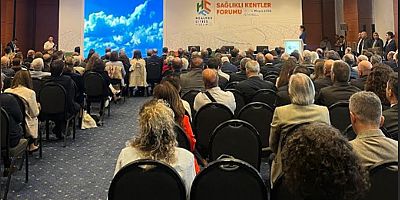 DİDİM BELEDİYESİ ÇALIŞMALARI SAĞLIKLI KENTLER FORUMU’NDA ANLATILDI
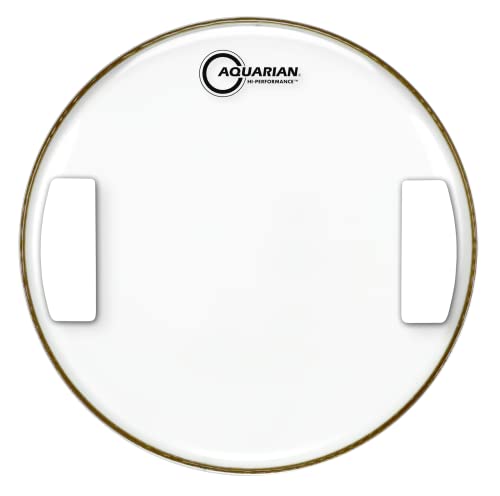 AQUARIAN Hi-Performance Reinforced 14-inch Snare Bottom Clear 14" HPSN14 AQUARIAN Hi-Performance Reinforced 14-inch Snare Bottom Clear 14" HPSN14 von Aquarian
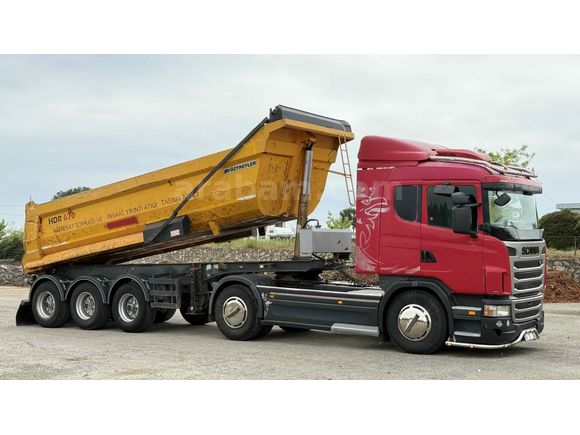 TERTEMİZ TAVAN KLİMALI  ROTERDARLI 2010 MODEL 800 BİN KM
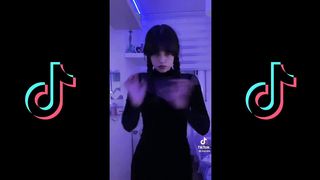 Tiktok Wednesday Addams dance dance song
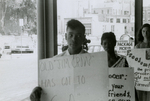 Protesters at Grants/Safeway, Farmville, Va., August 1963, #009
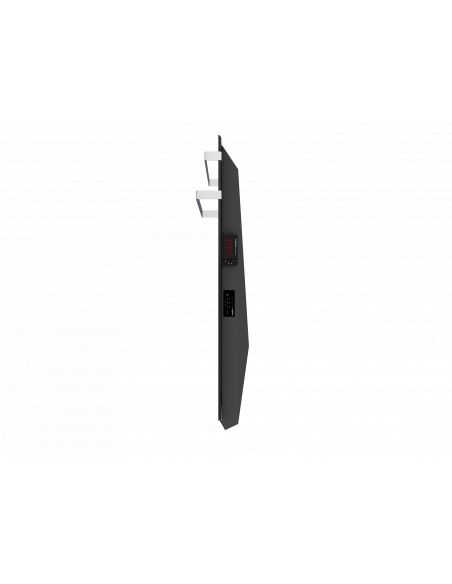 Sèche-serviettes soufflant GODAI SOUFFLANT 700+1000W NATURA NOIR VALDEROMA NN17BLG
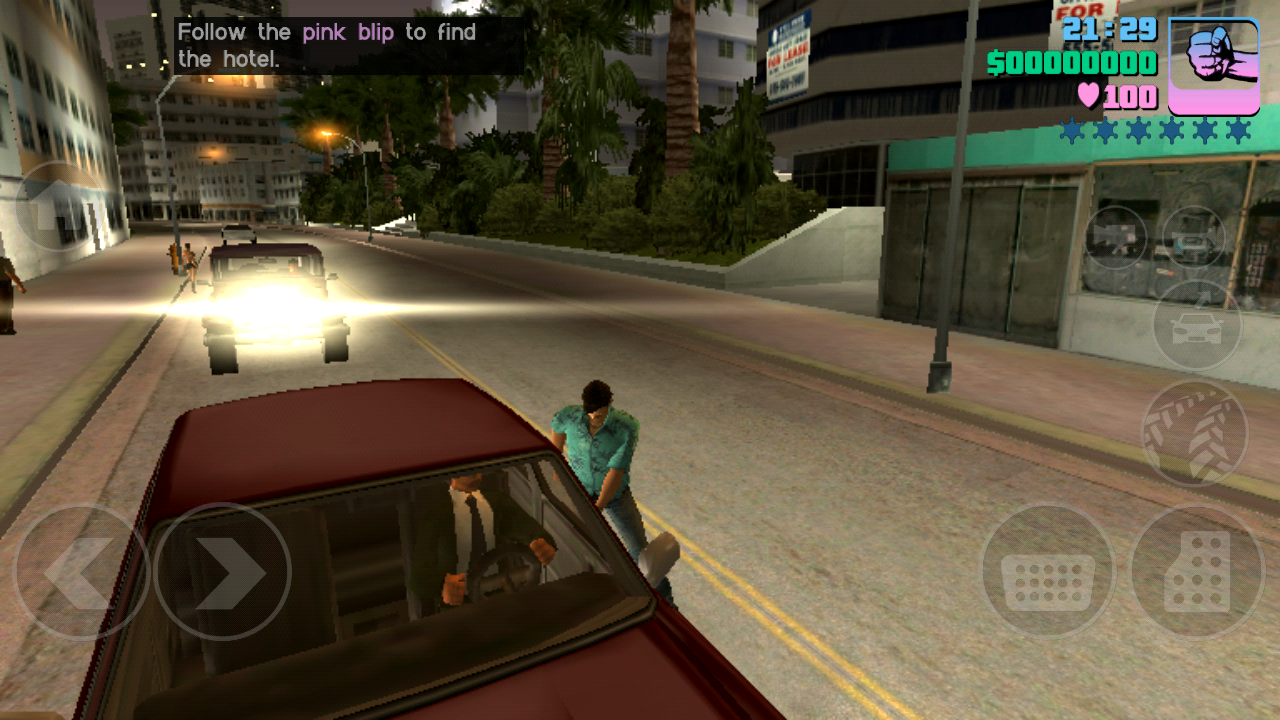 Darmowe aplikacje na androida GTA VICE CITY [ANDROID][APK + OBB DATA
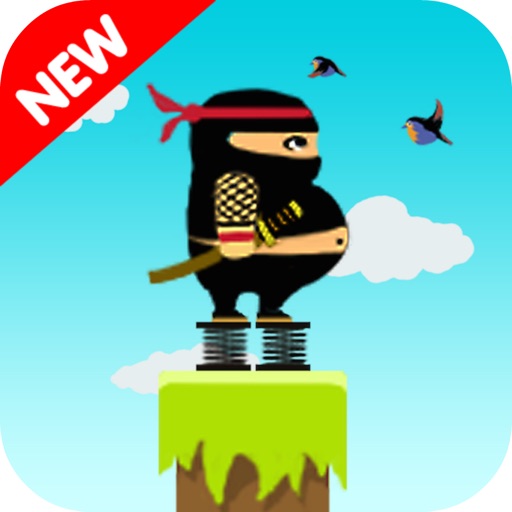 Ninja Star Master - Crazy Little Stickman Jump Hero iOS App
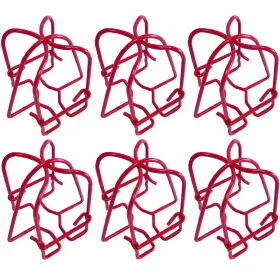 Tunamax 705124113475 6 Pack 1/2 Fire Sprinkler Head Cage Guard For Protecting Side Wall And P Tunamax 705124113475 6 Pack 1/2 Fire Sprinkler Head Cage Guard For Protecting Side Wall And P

·····

• Task to complete
Where the line containing "Sèche-serviettes soufflant GODAI" appears above, start there and set down each line exactly through the last line of the data; leave out every picture.

• Written solution
 Sèche-serviettes soufflant GODAI SOUFFLANT 700+1000W NATURA NOIR VALDEROMA NN17BLG
 Darmowe aplikacje na androida GTA VICE CITY [ANDROID][APK + OBB DATA
 Ninja Star Master - Crazy Little Stickman Jump Hero iOS App
 Tunamax 705124113475 6 Pack 1/2 Fire Sprinkler Head Cage Guard For Protecting Side Wall And P Tunamax 705124113475 6 Pack 1/2 Fire Sprinkler Head Cage Guard For Protecting Side Wall And P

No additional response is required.